Rising costs are causing serious and widespread problems for rural businesses in parts of England which is curtailing their ability to invest and grow, according to a major new survey from the National Innovation Centre for Rural Enterprise (NICRE).
Two-thirds of rural firms in the North East, South West and West Midlands - increasing to 69% of businesses in more remote areas, and 82% in the hospitality sector - report that rising costs have significantly impacted cash flow over the last year, with four out of 10 of them reducing, cancelling or postponing investment.
But, as in the Covid-19 pandemic, the survey showed that rural firms have been particularly resilient with 41% increasing their turnover, compared to 35% of urban businesses, and 18% decreasing their turnover, compared to a quarter of urban businesses.
The findings from NICRE's The cost-of-doing-business crisis: rural impacts and adaptation is the first State of Rural Enterprise Report published from its second large-scale business survey carried out over the summer. It follows interim results being presented at the Rural Services Network's National Rural Conference 2023 in September.
NICRE director Professor Jeremy Phillipson, Professor of Rural Development at the Centre for Rural Economy at Newcastle University, said:
"It is crucial for businesses in rural - as well as urban - areas to be able to invest in order to grow and it is a considerable challenge for future innovation and expansion that rising costs are curtailing those efforts.

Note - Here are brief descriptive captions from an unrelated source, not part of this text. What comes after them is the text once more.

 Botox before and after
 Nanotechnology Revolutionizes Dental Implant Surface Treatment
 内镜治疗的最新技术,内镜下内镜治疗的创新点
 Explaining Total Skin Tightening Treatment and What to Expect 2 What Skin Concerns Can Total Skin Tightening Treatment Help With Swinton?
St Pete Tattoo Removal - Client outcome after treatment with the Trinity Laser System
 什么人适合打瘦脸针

"While further evidence of rural enterprises demonstrating resilience in the face of adversity, this way of rural enterprises coping with the cost-of-doing-business crisis in the short-term may exacerbate long-term structural problems in the UK economy. Urgent attention should be given to how the adverse effect of the crisis on business investment can be best counteracted to support future business aspirations and plans."
Rural firms responding to NICRE's survey, like their urban counterparts, highlight rises in the costs of goods and raw materials, and increased costs of energy or power as having the greatest impact. Yet the cost of fuel for transport was identified as a much more prominent challenge by businesses in rural areas.

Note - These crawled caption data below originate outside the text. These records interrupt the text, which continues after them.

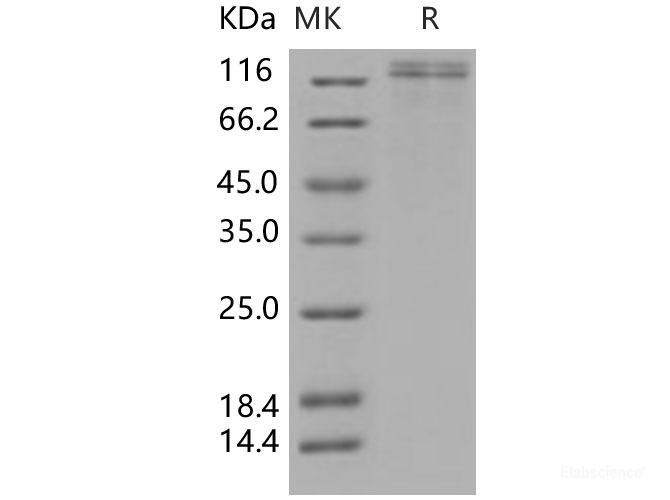 Recombinant Human VLDLR / VLDL Receptor Protein (His tag)-Elabscience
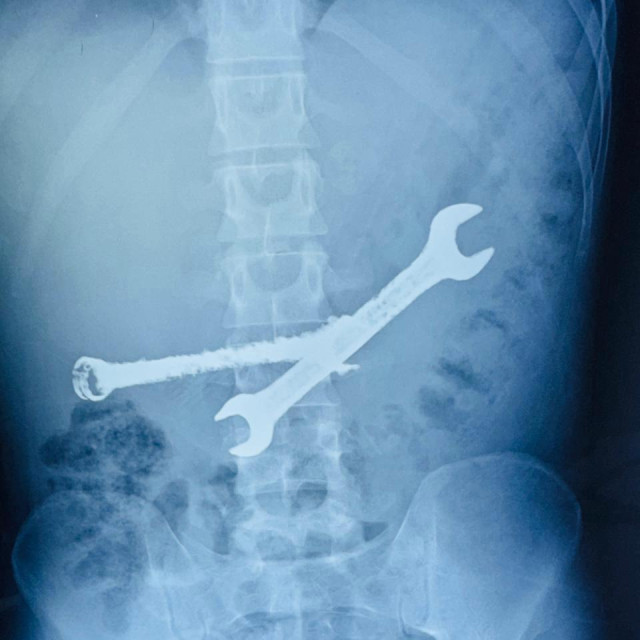 Strani predmeti u trbuhu nesretnog Indijca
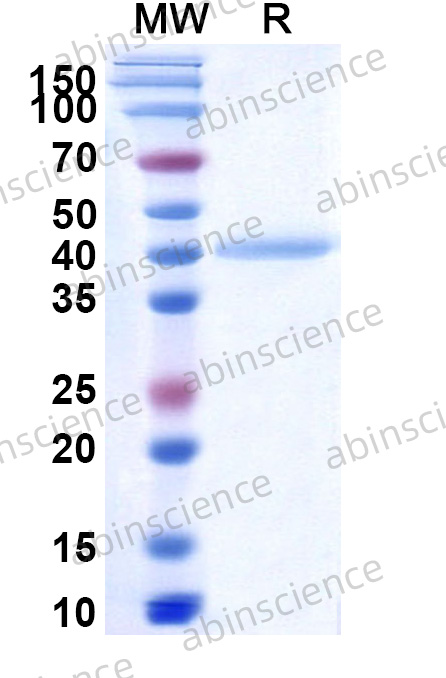 Recombinant MERS-CoV nsp2 Protein, N-His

The data shows that firms have responded swiftly to these cost pressures, with many increasing the prices of their goods and services. Rural businesses, in particular, have been more likely to look to improve the efficiency of their production or processes, to have altered their range of products and services, and to have drawn on household labour and other resources to cope.
Of those businesses that claimed rising energy and power costs were having an important bearing on cash flow, almost four out of 10, compared to 29% of urban firms, adopted energy-saving measures or equipment, with those in more remote locations more likely to switch to alternative sources or suppliers.
Prof Phillipson added:
"While the challenges of increased costs have been widespread for rural enterprises, the effects have been compounded for dispersed and remote businesses which face greater average travel distances to access supplies and support, and to distribute products and services, as well as fewer garages and higher fuel prices.

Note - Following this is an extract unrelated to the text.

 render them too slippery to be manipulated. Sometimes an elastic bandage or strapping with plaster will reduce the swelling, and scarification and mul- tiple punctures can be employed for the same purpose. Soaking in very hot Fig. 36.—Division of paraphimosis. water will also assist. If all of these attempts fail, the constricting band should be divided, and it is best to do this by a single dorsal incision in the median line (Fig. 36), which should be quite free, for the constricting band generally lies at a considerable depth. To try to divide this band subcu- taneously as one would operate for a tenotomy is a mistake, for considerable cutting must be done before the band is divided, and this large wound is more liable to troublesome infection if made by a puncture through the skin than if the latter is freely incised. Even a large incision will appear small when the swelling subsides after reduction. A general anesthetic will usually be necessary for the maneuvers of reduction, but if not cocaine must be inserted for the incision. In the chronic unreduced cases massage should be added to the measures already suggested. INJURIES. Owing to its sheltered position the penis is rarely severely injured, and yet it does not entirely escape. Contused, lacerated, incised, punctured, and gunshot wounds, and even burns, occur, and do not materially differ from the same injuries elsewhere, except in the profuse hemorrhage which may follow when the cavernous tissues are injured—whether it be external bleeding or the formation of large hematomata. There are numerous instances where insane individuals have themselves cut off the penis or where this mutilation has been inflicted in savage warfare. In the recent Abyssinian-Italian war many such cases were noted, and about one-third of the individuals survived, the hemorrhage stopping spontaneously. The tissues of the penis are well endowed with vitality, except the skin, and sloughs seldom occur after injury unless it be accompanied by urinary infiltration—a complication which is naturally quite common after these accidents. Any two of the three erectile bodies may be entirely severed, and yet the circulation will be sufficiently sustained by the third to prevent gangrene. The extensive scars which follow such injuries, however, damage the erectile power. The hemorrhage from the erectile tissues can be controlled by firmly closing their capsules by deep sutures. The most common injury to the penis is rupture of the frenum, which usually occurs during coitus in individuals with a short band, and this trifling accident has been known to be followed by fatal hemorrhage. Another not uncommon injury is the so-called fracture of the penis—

"This crisis could, therefore, worsen the long-standing challenges facing more remote rural economies and impact further on growth potential.
"On a positive note, the crisis is stimulating rural firms to reduce energy consumption and to think about their energy efficiency and, therefore, provides an important opportunity for engaging with and supporting businesses to decarbonise and transition to net zero."
Breamish Valley Cottages in Northumberland is one rural business where rising costs are impacting its ability to invest.
Director Peter Moralee said:
"Rising costs are affecting every facet of the business. Our electricity costs have risen by 100% - gone up by £50,000 - which is a significant amount of money to take off the bottom line. Alongside that, everything has gone up be that oil, staffing and input costs. Working in the services industry, yes, we can put our prices up, but we can only go so far and a lot of those costs we have had to absorb.
"Having holiday cottages, we're always trying to keep ahead of the game, in terms of making everything as luxury or as up to standard as we can and that involves a lot of investment. We always need to keep moving forward but that growth is being slowed quite significantly because of rising costs and one of the biggest ones is interest rates."
The report has been welcomed by the Department for Environment, Food and Rural Affairs and the Country Land and Business Association (CLA).
Rural Affairs Minister Lord Benyon said:
“We recognise the pressures that rising costs are creating for rural business which are a crucial part of our economy and communities.
“As a government, we are committed to unleashing opportunity and helping rural entrepreneurs succeed. That is why we are investing £110 million through the Rural England Prosperity Fund to support local businesses and create employment opportunities for rural areas, as well as funding community infrastructure projects.”
CLA President Victoria Vyvyan said:
“Farmers, landowners and rural businesses are dynamic and forward-thinking, but face many challenges and barriers that impact them to a greater extent than their urban counterparts, as highlighted in this report. These include energy costs, connectivity issues, transport and fuel, housing, and skills provision and labour availability.
“Rural communities are being hit hard by the cost-of-living crisis, and persistently low economic productivity is hampering our businesses and workers.
“The CLA’s Rural Powerhouse campaign highlights how the rural economy is 19% less productive than the national average. By closing this productivity gap, we could add £43bn to the national GDP. Supporting the next generation of rural businesses to succeed and thrive is crucial.”